Strategisch einzigartige Chance für EU

Auch eine Liberalisierung von Visaabkommen könnte eine Option sein, so Roth, die Hauptsache sei, dass Armenien vonseiten der EU mehr Aufmerksamkeit erhalte. Sich allein auf die aktuellen Konflikte wie in der Ukraine oder Israel zu konzentrieren, hält Roth laut eigener Aussage für keine Option. Europäische Außen- und Sicherheitspolitik bedeute, einen Beitrag zu Frieden und Stabilität auf dem Kontinent zu leisten. Im Südkaukasus erreiche man das nur durch mehr Präsenz. Gegenüber Aserbaidschan müsse man eine "andere Gangart" einlegen. Nur weil Baku über Gasvorkommen verfüge, können es sich nicht alles erlauben.

Ähnliche Forderungen hatte Roth auch am 29. September im Interview mit dem Tagesspiegel gestellt. Der Politiker wies damals darauf hin, dass Baku nach der Eroberung Bergkarabachs in der Lage bleiben werde, militärische Fakten zu schaffen. Bei Aserbaidschans Präsident, Ilham Alijew, habe man es mit einem autoritären Herrscher zu tun, der keine Zeit am Verhandlungstisch verschwenden wolle. Der EU unterstellte Roth hingegen ein Versagen in ihrer Nachbarschaftspolitik. Statt es eines Rings stabiler Staaten stehe man inmitten eines Feuerrings mit vielen potenziellen und tatsächlichen Konflikten. Hier müsse man endlich "radikal" umdenken.

Nachdem Russland als Schutzmacht Armeniens weggefallen sei, habe die EU nun eine "strategisch einzigartige Chance", und in einem von der EU moderierten Friedensprozess müssten Deutschland und Frankreich noch mehr Verantwortung übernehmen, sagte Roth dem Tagesspiegel. Man müsse zudem bereit sein, gegen Aserbaidschan Wirtschaftssanktionen zu verhängen und Energieverträge zu suspendieren, um deutlich zu machen, dass "wir eine solche Aggression nie wieder tolerieren werden." Der Ausfall von Aserbaidschans Erdgas sei hingegen verkraftbar.

Reaktionen auf Bakus Militäroffensive

Doch Europa hatte offensichtlich kein Interesse an der Beteiligung an einem Friedensprozess im Kaukasus. In Brüssel, Paris und Berlin blieb es relativ still, als Baku am 19. September eine Militäroffensive in Bergkarabach begann. Nach Jahrzehnten des schwelenden Konflikts hatte es nur einen Tag gedauert, bis die pro-armenischen Kämpfer ihre Kapitulation erklärten. Die Auflösung der Republik Bergkarabach wurde für den 1. Januar 2024 verkündet. Rund 120.000 Armenier flohen daraufhin aus der Region nach Armenien.

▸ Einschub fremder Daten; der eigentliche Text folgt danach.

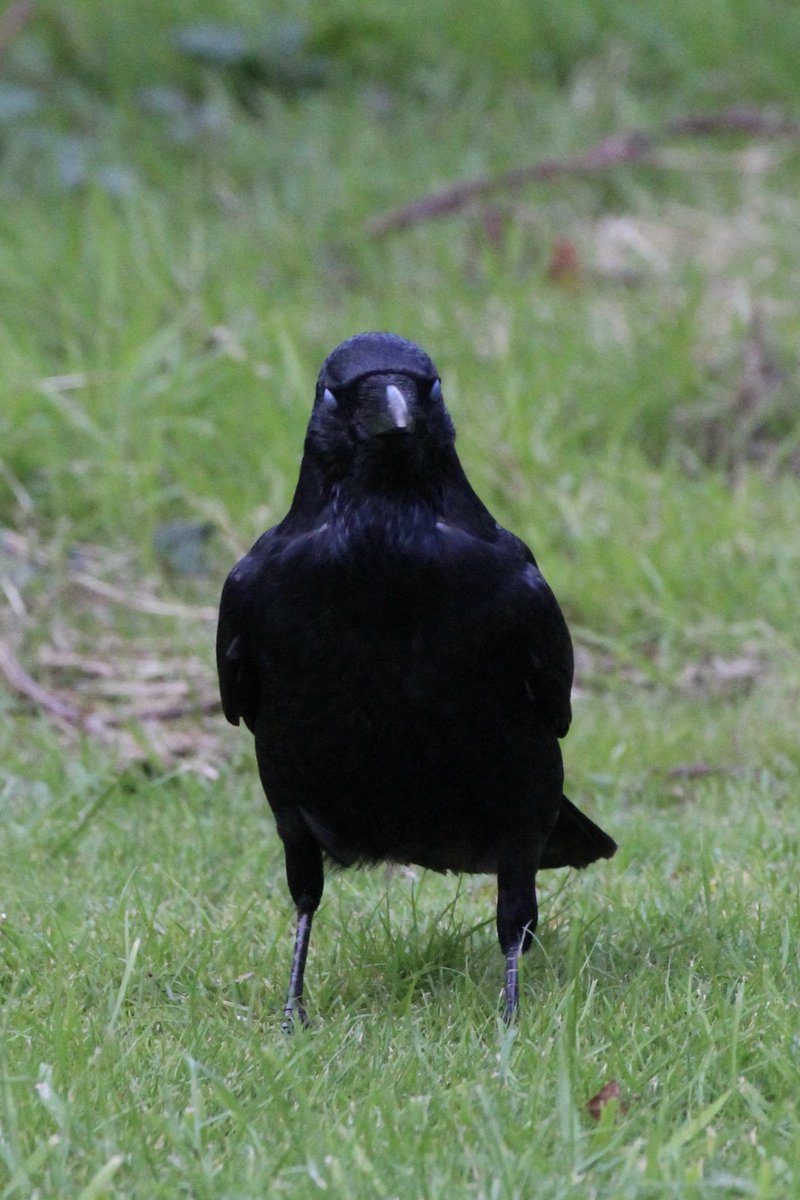 Boo’s Garden (@boosgarden43) on Twitter photo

Aufseiten der EU und ihrer Mitgliedsstaaten zeigte man sich zwar besorgt und Bundeskanzler Olaf Scholz sagte am Rande des Europa-Gipfels am 5. Oktober, er unterstütze EU-Ratspräsident Charles Michel dabei, rasch Gespräche zwischen Armenien und Aserbaidschan zu organisieren. Zu einem Treffen, bei dem die Europäer an einem Tisch mit Aiserbaidschans Präsident gesessen hätten, kam es seither aber nicht.

Was blieb, war eine gemeinsame Erklärung von Scholz, Macron, dem armenischen Premierminister Paschinjan und Michel, die vor allem die Situation der Flüchtlinge ansprach. Kommissionspräsidentin von der Leyen kündigte an, die Hilfe für Armenien von 5,2 Millionen Euro auf 10,4 Millionen Euro plus 15 Millionen Euro Soforthilfe anzuheben. Am 16. Oktober besuchte Alijew die Stadt Füzuli in Bergkarabach und erklärte bei der feierlichen Veranstaltung das Thema des Konflikts in der Region für endgültig abgeschlossen.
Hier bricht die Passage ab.